How It’s Irish:  The play is by Sean O’Casey, one of Ireland’s most celebrated playwrights.  It’s a production of Galway’s Druid Theatre Company, led by Garry Hynes.

(@Robert Day)

Seán O’Casey’s 1928 play about World War I before and after, The Silver Tassie, is not nearly so well known here asJuno and the Paycock  or The Plough and the Stars.  But this production shows that it should be.   It’s a powerful anti-war play that also has music, heart, love and laughs– and anti-war plays are sadly relevant as Hell.   Directed by Garry Hynes, with her Druid Theatre Company (she’s Artistic Director and Co-Founder), the production is vivid, touching, unforgettable– and also brings out the vaudeville training O’Casey’s actors would have had, as well as the Expressionism that O’Casey employs. 

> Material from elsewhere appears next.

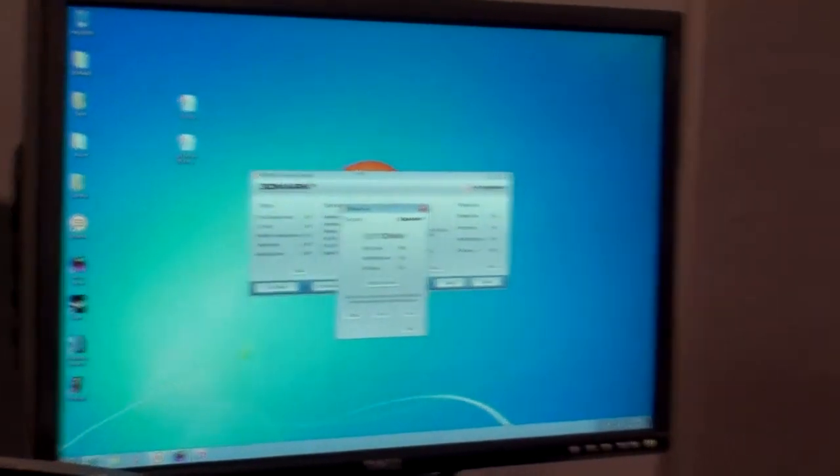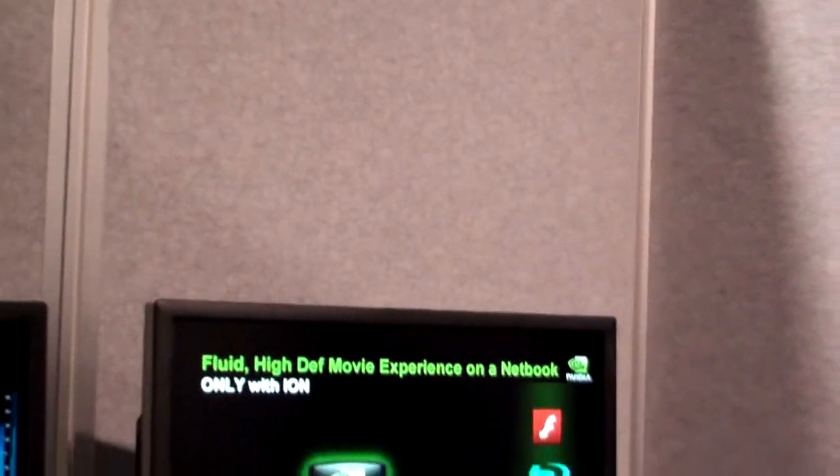Video is one application, but the GPU is more than just video — it's also more than just games. All these media applications where you're editing photos or editing video, you also want to be able to do on your netbook. Because you and I, we have tons of photos and tons of videos now. Just because it's a netbook doesn't mean I don't want to be able to edit or manipulate that content.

I caught the show during the Ulster Bank Theatre Festival in Dublin in October, and was completely floored.  I am eager to see it again, and will hopefully have Hynes, the first female theatre director to win the Tony (for Beauty Queen of Leenane by Martin McDonagh in 1998), on the podcast as well.

I know there is a lot going on this week, but don’t miss this one.   It begins its run today, July 24, and has just eight performances, closing July 31.

Frank McGuinness famously called this play “the cruelest play in all Irish literature.”  And after it opened in Ireland (in 1935; it had been rejected by Yeats for the Abbey earlier and premiered in London), O’Casey left Ireland, never to return. The play touched the audience, but it was controversial, too.-  see this article in The Irish Times for more on that (connected with the Druid production).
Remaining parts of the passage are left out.